- #1

Byeonggon Lee

- 14

- 2

**Hi I'm currently doing 'integral by substitution' part in a book.**

Although it is integral by substitution part, some exercises are solved using reduction of fraction and integral, without substitution.

(Actually I can't solve some exercises if I use substitution and the book's explanation also doesn't use substitution)

By the way I'm stuck with this exercise:

##\int \frac{2x+6}{(x-1)(x+1)^2} dx##

I tried to use substitution but that makes the problem more complicated and I can't also use reduction of fraction.
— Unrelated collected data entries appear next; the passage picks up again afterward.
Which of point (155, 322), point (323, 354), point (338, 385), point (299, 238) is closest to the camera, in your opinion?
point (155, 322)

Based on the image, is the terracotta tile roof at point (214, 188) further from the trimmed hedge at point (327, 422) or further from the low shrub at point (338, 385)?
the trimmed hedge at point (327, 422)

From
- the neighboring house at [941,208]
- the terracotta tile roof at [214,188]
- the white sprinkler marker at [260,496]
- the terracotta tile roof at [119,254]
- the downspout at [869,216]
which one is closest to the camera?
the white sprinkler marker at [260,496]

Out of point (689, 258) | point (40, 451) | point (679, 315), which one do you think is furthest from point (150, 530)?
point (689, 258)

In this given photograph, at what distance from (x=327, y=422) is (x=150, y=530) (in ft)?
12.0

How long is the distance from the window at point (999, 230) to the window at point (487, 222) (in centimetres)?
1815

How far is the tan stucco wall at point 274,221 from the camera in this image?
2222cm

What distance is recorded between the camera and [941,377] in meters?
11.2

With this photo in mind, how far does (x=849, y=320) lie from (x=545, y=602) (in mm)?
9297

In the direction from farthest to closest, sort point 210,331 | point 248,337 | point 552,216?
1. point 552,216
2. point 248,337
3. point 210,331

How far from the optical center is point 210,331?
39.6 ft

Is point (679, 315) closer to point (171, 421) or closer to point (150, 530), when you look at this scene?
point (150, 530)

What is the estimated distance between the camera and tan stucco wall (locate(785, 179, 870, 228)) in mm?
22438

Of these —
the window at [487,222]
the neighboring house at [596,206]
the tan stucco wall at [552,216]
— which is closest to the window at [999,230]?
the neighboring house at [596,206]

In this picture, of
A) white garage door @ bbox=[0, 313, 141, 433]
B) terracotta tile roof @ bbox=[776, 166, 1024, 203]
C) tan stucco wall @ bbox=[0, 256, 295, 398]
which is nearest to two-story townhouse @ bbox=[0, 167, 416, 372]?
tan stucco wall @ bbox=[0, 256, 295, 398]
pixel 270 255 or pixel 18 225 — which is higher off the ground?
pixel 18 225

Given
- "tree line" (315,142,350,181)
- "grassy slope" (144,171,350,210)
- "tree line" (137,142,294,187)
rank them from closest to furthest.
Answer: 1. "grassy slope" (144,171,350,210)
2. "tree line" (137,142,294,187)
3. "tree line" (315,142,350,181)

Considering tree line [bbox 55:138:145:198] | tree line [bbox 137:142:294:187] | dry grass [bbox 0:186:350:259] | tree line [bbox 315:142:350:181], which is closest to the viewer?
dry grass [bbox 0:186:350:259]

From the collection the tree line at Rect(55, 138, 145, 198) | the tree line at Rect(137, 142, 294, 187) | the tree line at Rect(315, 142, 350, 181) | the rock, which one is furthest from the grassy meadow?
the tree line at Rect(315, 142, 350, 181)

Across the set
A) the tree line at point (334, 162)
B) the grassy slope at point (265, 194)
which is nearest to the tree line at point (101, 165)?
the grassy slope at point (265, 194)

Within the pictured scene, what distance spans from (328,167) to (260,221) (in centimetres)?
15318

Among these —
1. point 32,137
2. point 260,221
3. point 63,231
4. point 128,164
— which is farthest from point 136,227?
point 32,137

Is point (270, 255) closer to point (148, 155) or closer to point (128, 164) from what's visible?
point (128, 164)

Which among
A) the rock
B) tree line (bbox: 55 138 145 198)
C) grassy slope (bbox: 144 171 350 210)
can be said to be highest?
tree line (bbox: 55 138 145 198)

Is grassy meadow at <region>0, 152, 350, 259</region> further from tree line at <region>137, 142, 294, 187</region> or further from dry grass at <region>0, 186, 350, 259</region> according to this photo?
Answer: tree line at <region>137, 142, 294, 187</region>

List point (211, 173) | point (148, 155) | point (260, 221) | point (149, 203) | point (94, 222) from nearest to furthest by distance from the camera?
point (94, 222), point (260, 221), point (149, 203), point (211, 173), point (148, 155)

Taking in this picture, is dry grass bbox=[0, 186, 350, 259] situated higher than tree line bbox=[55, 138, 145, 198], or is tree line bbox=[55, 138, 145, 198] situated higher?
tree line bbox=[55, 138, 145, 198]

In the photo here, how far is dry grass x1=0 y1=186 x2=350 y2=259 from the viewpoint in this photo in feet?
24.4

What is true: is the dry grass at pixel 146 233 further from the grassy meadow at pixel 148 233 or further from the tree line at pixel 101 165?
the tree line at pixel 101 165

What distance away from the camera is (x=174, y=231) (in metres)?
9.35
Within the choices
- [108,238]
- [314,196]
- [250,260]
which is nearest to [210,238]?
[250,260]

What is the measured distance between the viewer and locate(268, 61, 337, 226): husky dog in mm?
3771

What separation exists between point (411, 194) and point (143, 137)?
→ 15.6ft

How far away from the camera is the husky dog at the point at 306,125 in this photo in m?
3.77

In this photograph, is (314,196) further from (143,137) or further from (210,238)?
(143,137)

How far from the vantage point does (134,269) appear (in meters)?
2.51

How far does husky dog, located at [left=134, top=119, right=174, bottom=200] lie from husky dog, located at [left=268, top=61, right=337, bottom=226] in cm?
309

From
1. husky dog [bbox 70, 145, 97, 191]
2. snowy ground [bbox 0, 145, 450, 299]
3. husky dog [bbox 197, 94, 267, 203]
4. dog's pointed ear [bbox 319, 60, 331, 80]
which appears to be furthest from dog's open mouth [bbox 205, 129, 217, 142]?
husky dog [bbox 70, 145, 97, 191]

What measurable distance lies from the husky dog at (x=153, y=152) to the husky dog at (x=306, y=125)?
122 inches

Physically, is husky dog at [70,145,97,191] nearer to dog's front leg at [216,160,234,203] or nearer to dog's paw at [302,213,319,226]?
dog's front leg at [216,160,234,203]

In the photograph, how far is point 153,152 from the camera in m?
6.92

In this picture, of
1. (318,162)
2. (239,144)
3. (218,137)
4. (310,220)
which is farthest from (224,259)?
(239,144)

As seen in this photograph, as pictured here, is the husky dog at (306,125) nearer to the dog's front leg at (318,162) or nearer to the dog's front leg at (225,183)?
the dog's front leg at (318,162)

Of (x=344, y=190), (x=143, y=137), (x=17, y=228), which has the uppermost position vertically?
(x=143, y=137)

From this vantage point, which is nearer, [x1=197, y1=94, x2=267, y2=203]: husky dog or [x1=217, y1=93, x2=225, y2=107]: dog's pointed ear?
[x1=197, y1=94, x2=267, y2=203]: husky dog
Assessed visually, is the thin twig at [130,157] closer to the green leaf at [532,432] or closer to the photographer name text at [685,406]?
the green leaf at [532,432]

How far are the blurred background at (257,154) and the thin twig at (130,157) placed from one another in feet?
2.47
So I looked up the book's explanation, the book solved this problem in a weird way :

##

\frac{2x+6}{(x-1)(x+1)^2}

= \frac{a}{x-1} + \frac{b}{x+1} + \frac{c}{(x+1)^2}

=\frac{a(x+1)^2+b(x-1)(x+1)+c(x-1)}{(x-1)(x+1)^2}

##

##

2x+6 = (a+b)x^2+(2a+c)x+a-b-c

##

##

a+b=0, 2a+c=2, a-b-c=6

##

##

a=2,b=-2,c=-2

##

##

\int \frac{2x+6}{(x-1)(x+1)^2} dx = \int (\frac{2}{x-1}-\frac{2}{x+1}-\frac{2}{(x+1)^2})dx

##

##

=2\ln|x-1|-2\ln|x+1|+\frac{2}{x+1}+C

##

The book didn't introduced technique like this.

And I feel unnatural and not intuitive about its process because..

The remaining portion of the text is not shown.